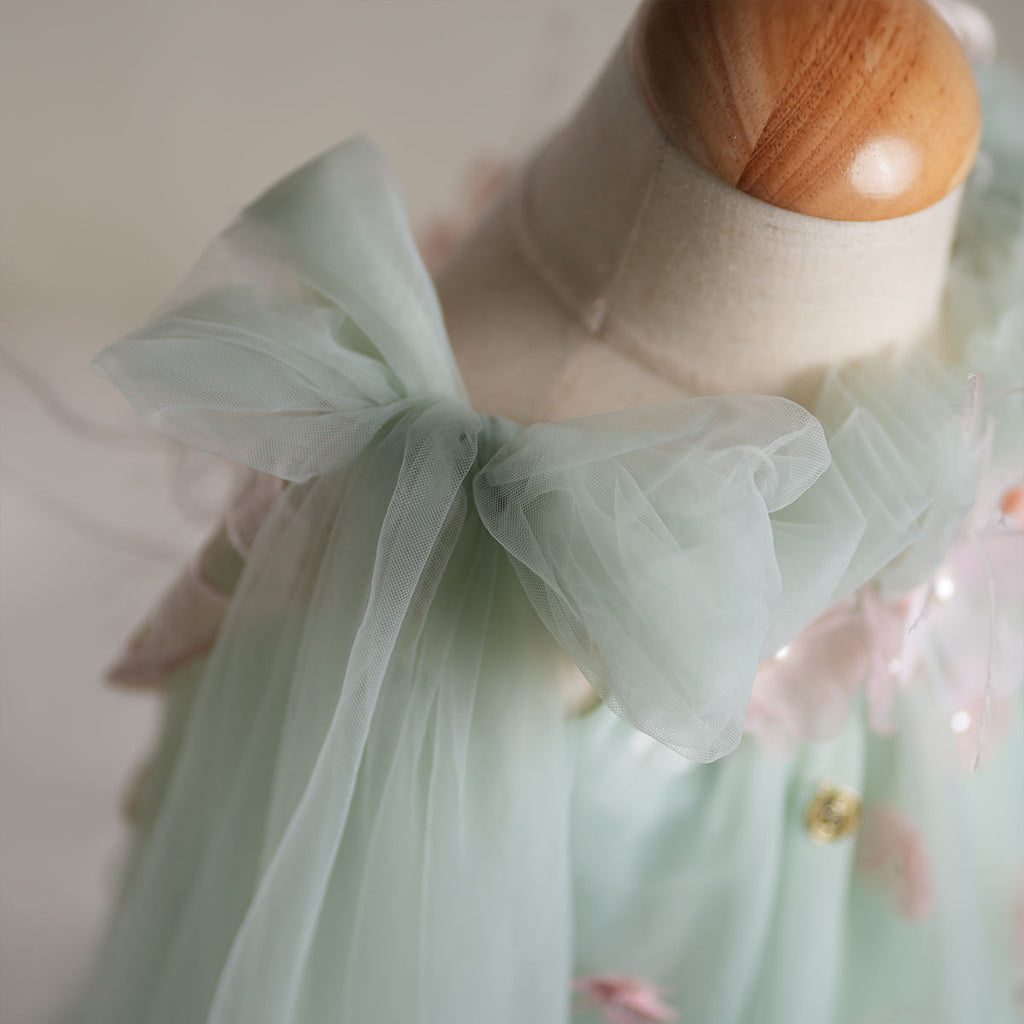 Shoulder bow and cape-like tulle detail on fairy dress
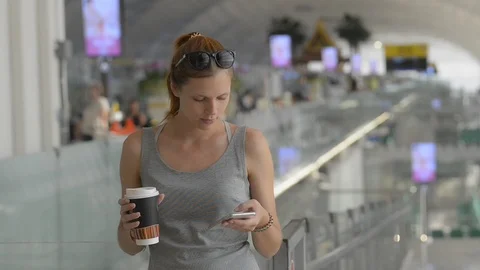 Young red haired woman using smartphone and holding coffee in hand standing in Stock Footage 123091837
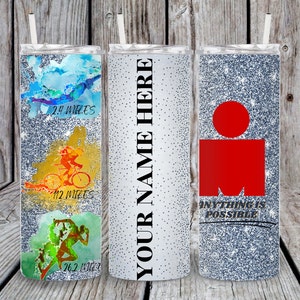 Pu&ograve; includere: Tre bicchieri argentati glitterati con coperchi e cannucce. Il primo presenta grafiche acquerellate blu, gialle e verdi di un nuotatore, un ciclista e un corridore con il testo 2.4 MILES, 112 MILES e 26.2 MILES. Il secondo riporta YOUR NAME HERE. Il terzo ha un logo rosso e il testo ANYTHING IS POSSIBLE.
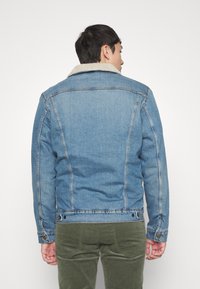 Denims jaka ar ādas apdari, gaiši zila krāsa, klasiskā dizainā un redzamām šuvēm. Aizmugures skats rāda strukturētu piegriezumu.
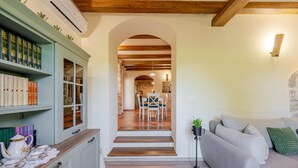 A cozy interior with a staircase leading to a dining area, a bookshelf, and a seating area with a plant. - Awesome home in Labin - Rabac (Labin - Rabac)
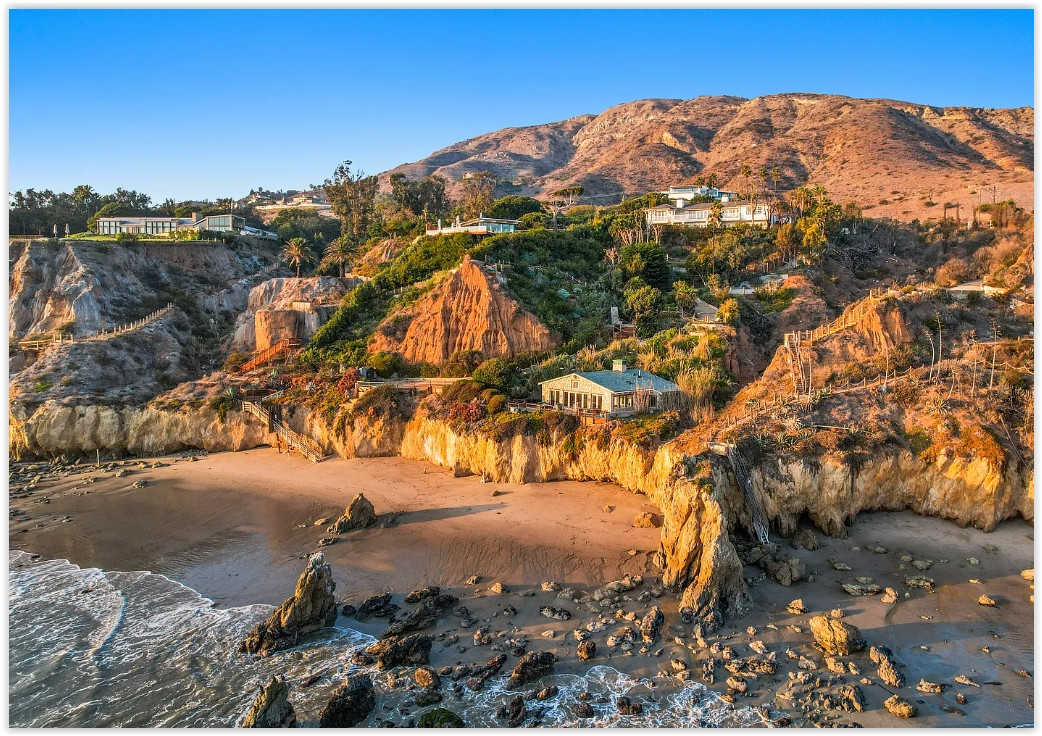 Guest cottage nestled among landscaped gardens at an elegant Malibu private estate.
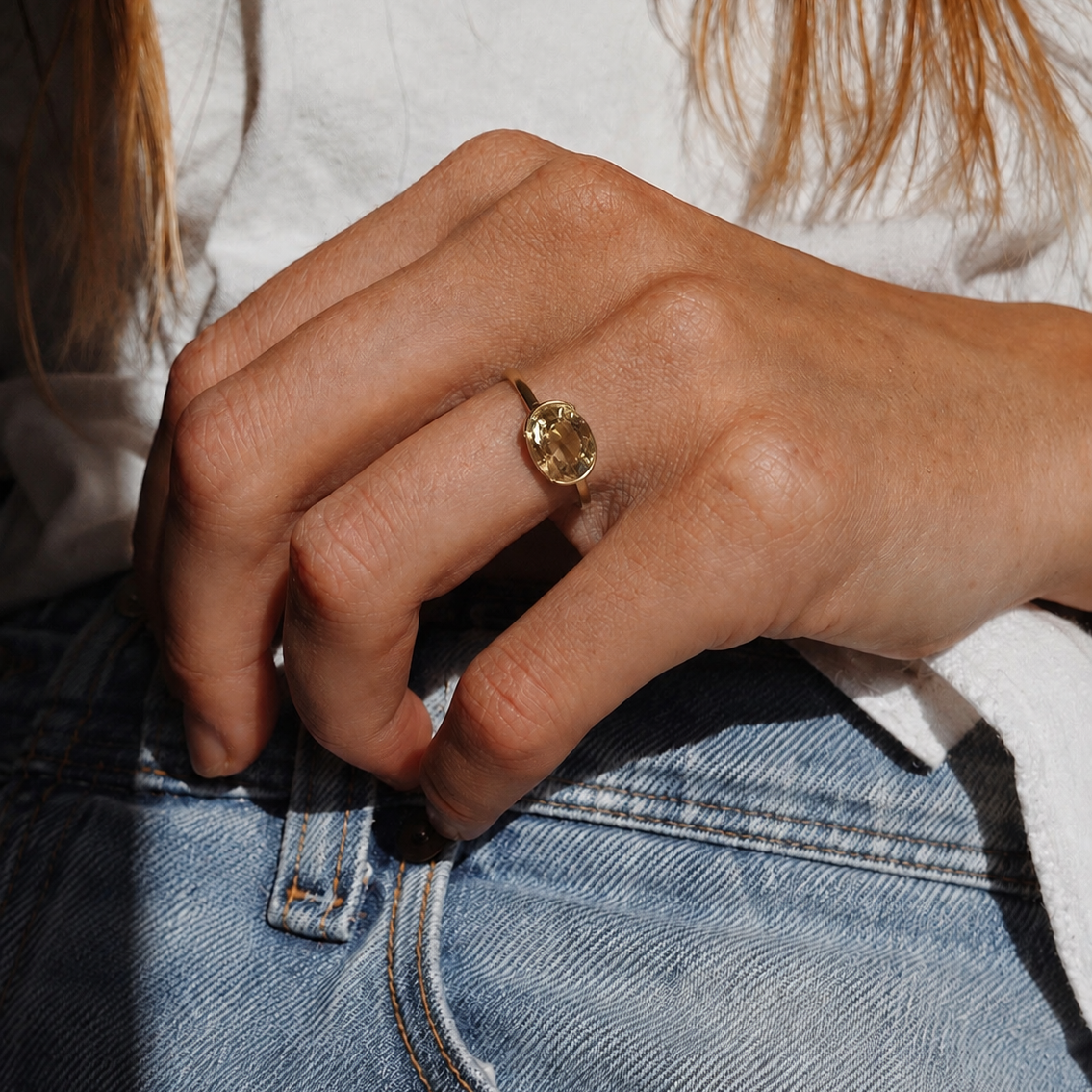 Close-up of a hand wearing a ring on a blurred background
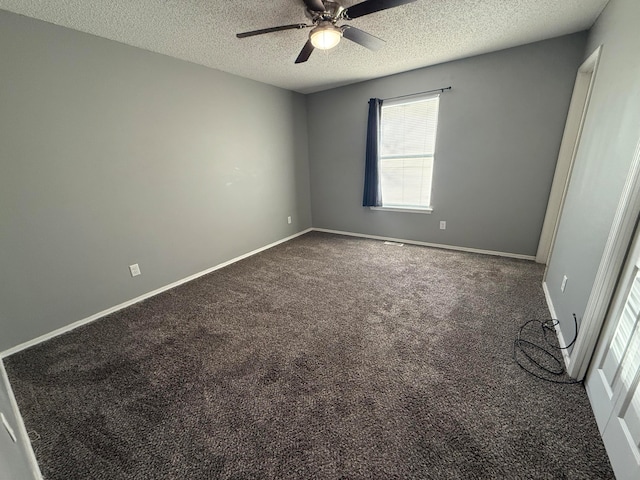 unfurnished room featuring a textured ceiling, dark carpet, and ceiling fan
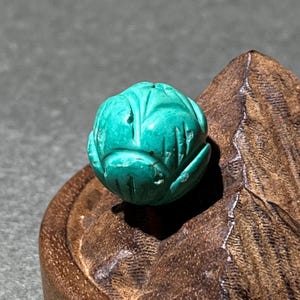 May include: A turquoise-coloured carved stone bead, shaped like a flower bud. The bead features detailed carvings and rests on a wooden base. The turquoise colour is vibrant and the carving is intricate.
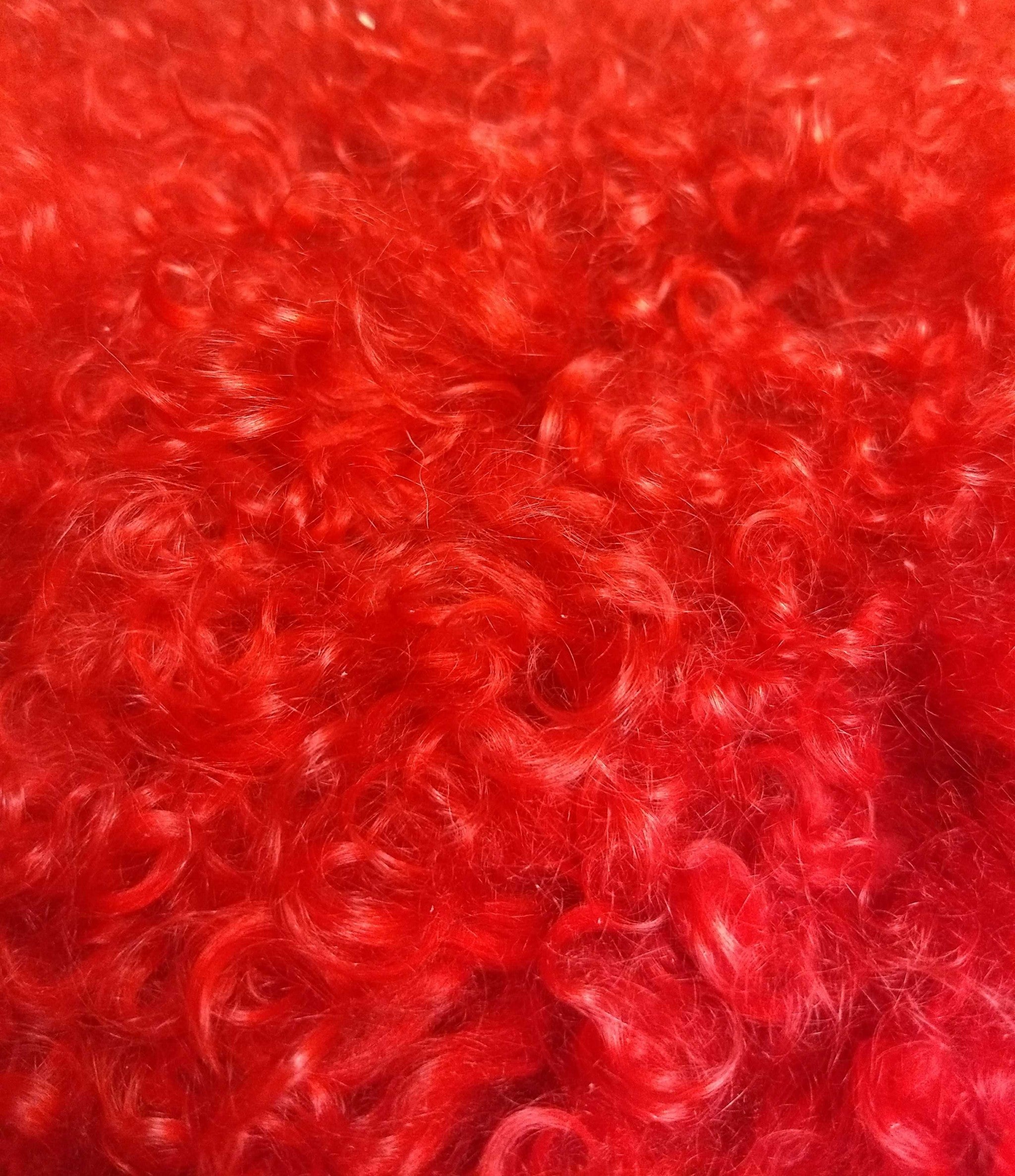 17-inch red genuine Tibetan lamb fur pillow with soft microsuede backing, showcasing luxurious texture and vibrant color.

### Task goal
Please output exactly the lines of the data above, from its first line through the line with "Young red haired", and nothing else; drop the pictures.

### Final answer
 Shoulder bow and cape-like tulle detail on fairy dress
 Young red haired woman using smartphone and holding coffee in hand standing in Stock Footage 123091837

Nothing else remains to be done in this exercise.